Couple problems here. The Huckabee change is starting to look big (not necessarily significant; at 95% confidence, in a sample this size, 23% and 31% could both be non-chance reflections of 27% support in the whole population, for example). It's worth mentioning, with a caution that it falls short at conventional confidence levels. What we can't do -- surveys only measure what they measure -- is say why the change is taking place. The bit about "sharp criticism" and fresh media scrutiny isn't "poll says," it's "writer guesses." It might be a good guess and it might not, but it doesn't have anything to do with the survey results. It's fine to point out the correlation, but it's dishonest to proclaim a cause.

But we're missing some more interesting stuff too. McCain's support has grown significantly, and there's a significant decline in the number of Republicans plumping for "undecided." Both those are worth talking about, even if they don't fit the conventional story line.

Finally, somebody needs to be chastised for this:

Poll: Bhutto doesn't add to terror issue

DES MOINES, Iowa -- The assassination of former Pakistani Prime Minister Benazir Bhutto did not raise the profile of terrorism as an issue in the U.S. presidential campaign in Iowa, according to a new McClatchy-MSNBC poll.

"People are still voting on what they were voting on a week ago," said Brad Coker, pollster for Mason-Dixon Polling & Research.

Democrats still rank terrorism a very low priority. The survey found 5 percent of Iowa Democrats calling it their top concern, up from 1 percent earlier in the month, but with virtually no change during three nights of poll calls that started the evening before the assassination and continued the next two evenings when news of the murder dominated national media.
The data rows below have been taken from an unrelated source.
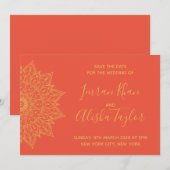 Mehendi Indiase Trouwdag Bewaar de datum hamsa Hen Save The Date (Voorkant / Achterkant)
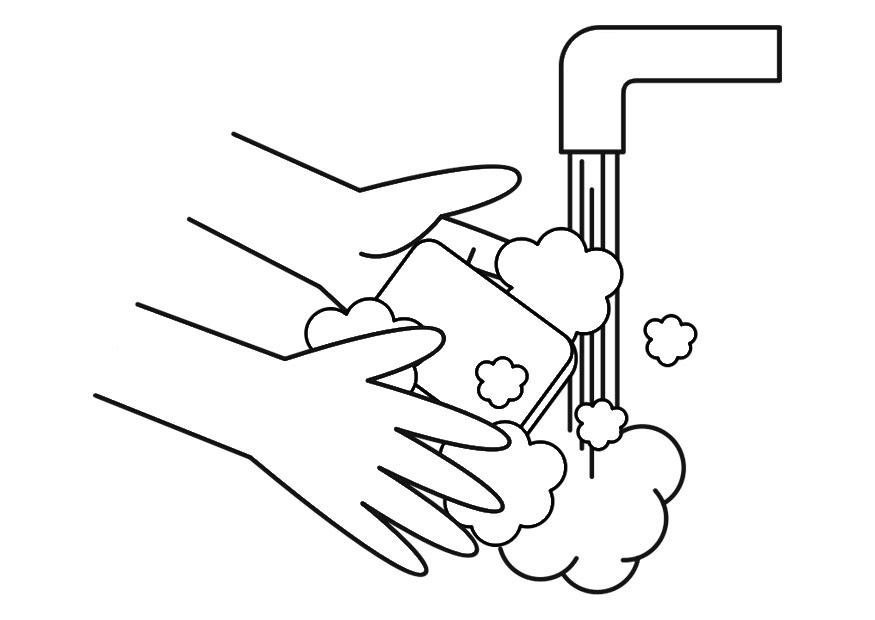 se laver les mains Coloriage se laver les mains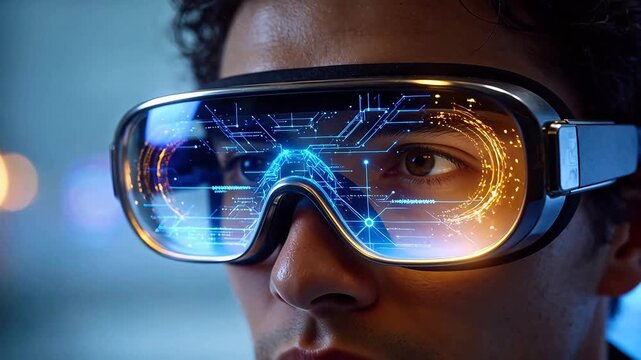 Man wearing futuristic augmented reality glasses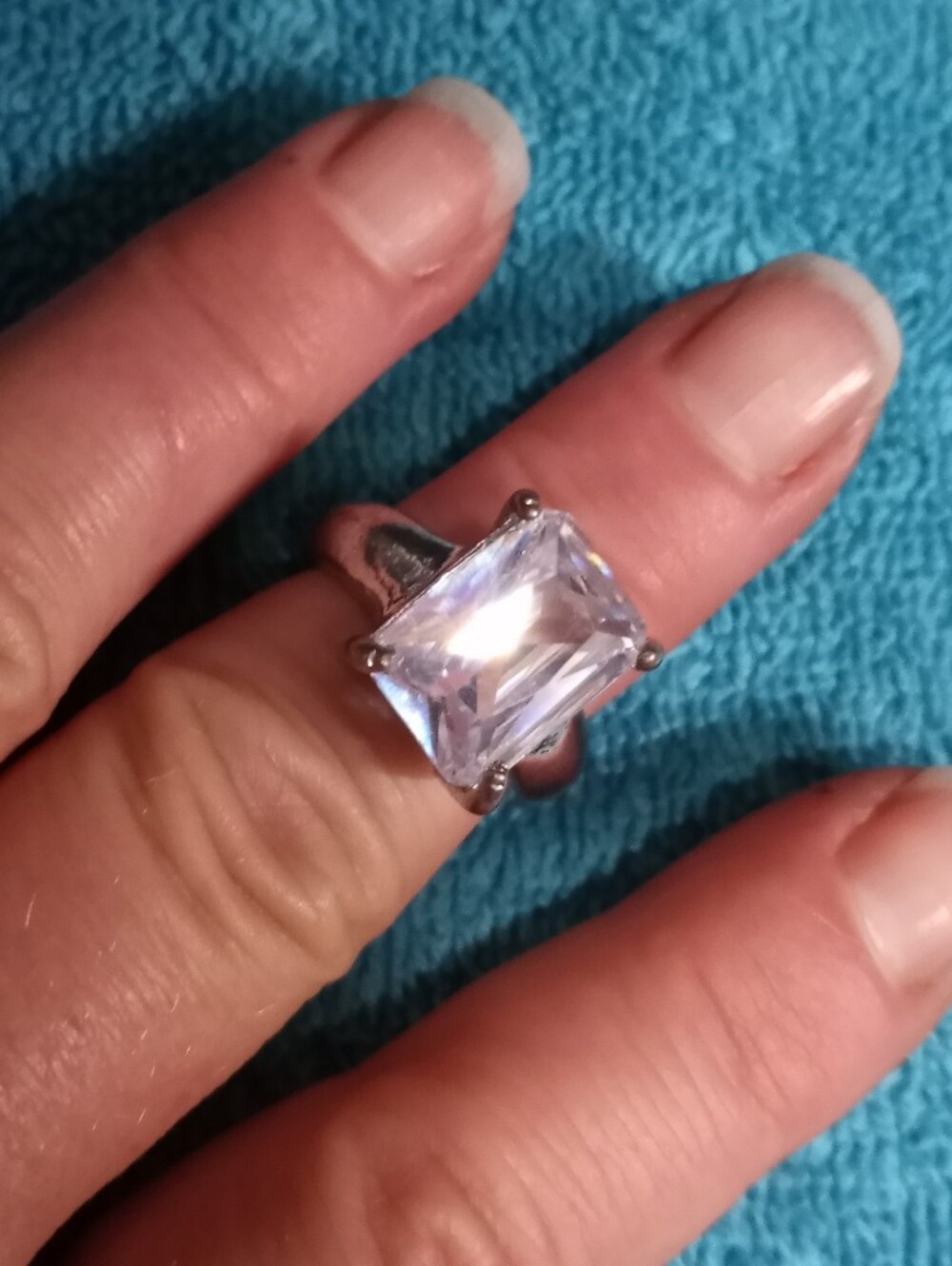 Clear Square-Cut Reflects Rainbow Silver Ring - Women Jewelry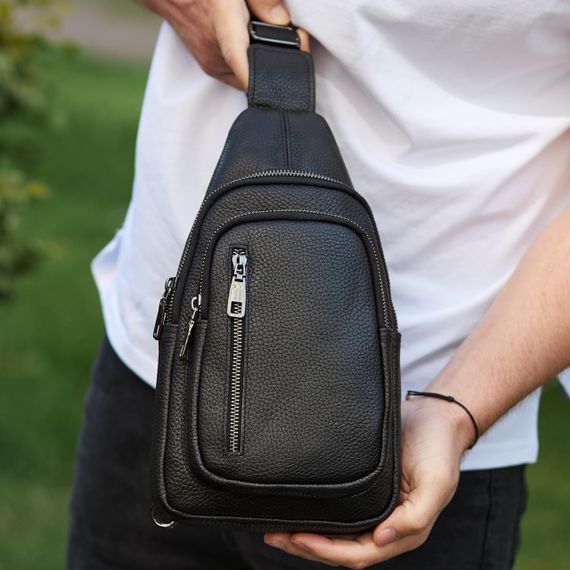 Сумка-слінг чоловіча чорна через плече з натуральної шкіри TIDING BAG 32545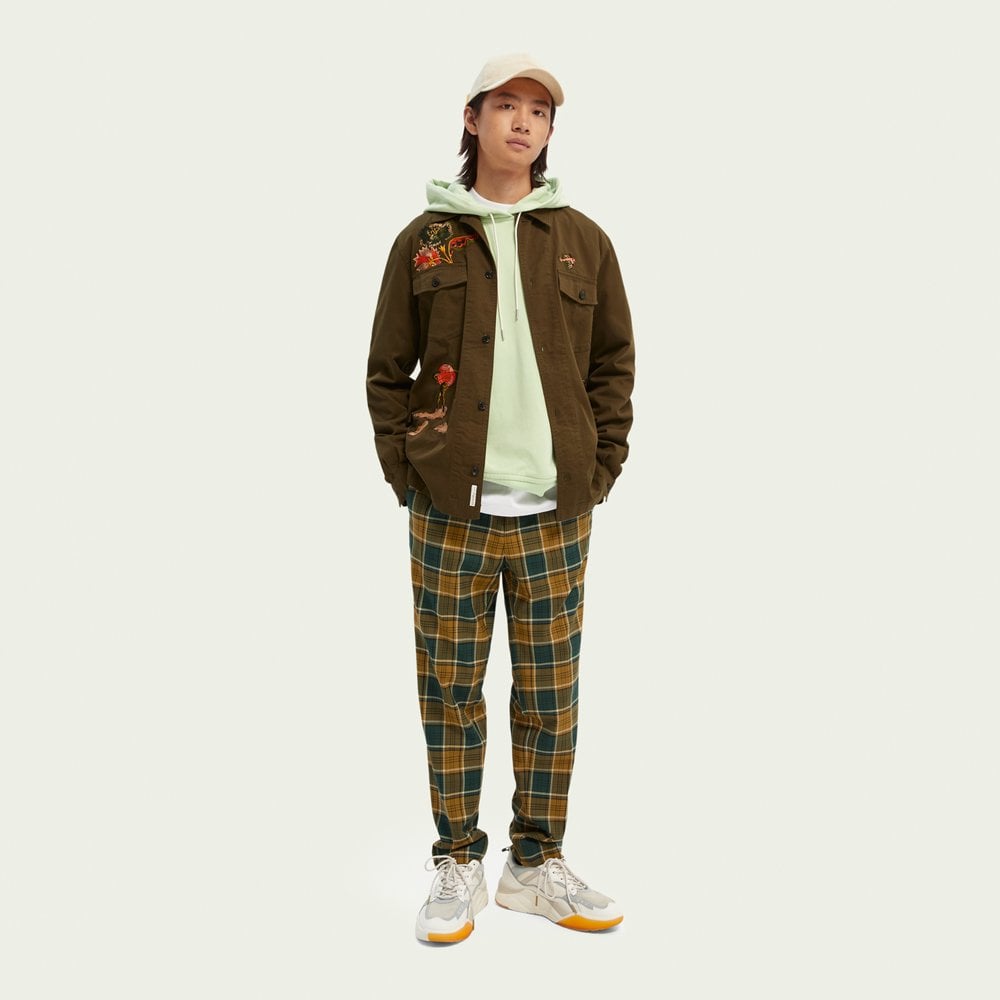 - Embroidered Worker Shirt - Khaki Green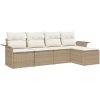 5-delad Trädgårdsoffasett med kuddar Beige Poly Rattan vidaXL Stor – miniatyr 2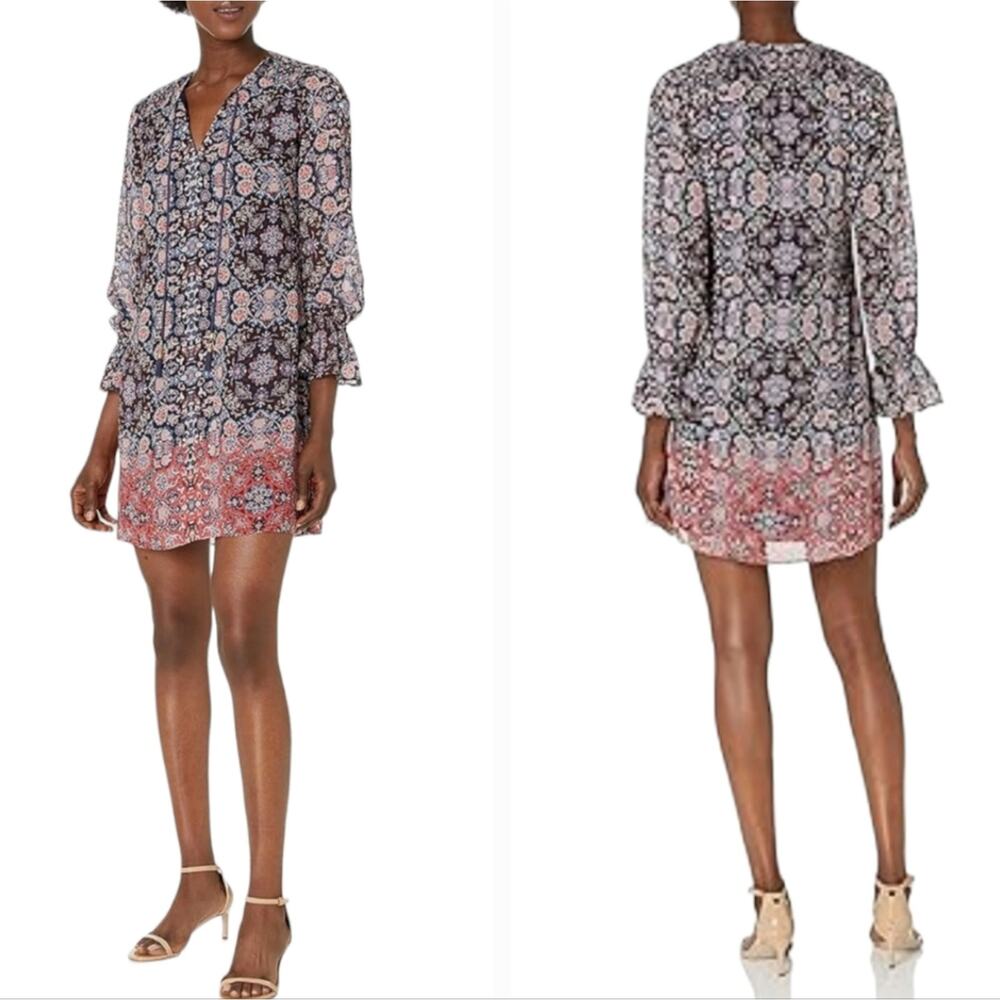 Vince Camuto Printed Chiffon Float Dress with Smocked Yoke and Tassels Size Smal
Aaaaaaaaaaaaaaaaaaaaaaaaaagh. One, you can't compare the priorities of Democrats and Republicans because you're not asking them the same questions. Two, the poll doesn't address whether the assassination "raised the profile of terrorism as an issue" (2A, it was already in the field for a day before the assassination, and 2B, the poll doesn't measure the "profile of terrorism as an issue"); that's a guess you can attribute to the guesser, but not to the data. Three, you're not measuring whether Democrats rank terrorism as a low priority. You're only measuring whether it's their highest priority. If (among the likely-attendee Democrats with land lines who were called during the second and third nights of the survey and had heard of the assassination) the assassination had moved "terrorism" up to the second priority for half your voters, it's become a lot more salient, but you have no way of knowing it.

We're always open to good arguments for less attention to polls, and this particular poll is one. But as long as we're going to spend the time and the space -- and the not-inconsiderable amounts of money it costs to run a random telephone sample in the era of the 20% response rate -- the least we can do is be honest with the data. McClatchy is failing at that, and member papers are, at the least, guilty of failing to insist on fundamental accuracy. Both camps need to shape up. Particularly if you've already declared a bias, try not to compound it with cluelessness.

* 9 points, according to the earlier report, but who's counting?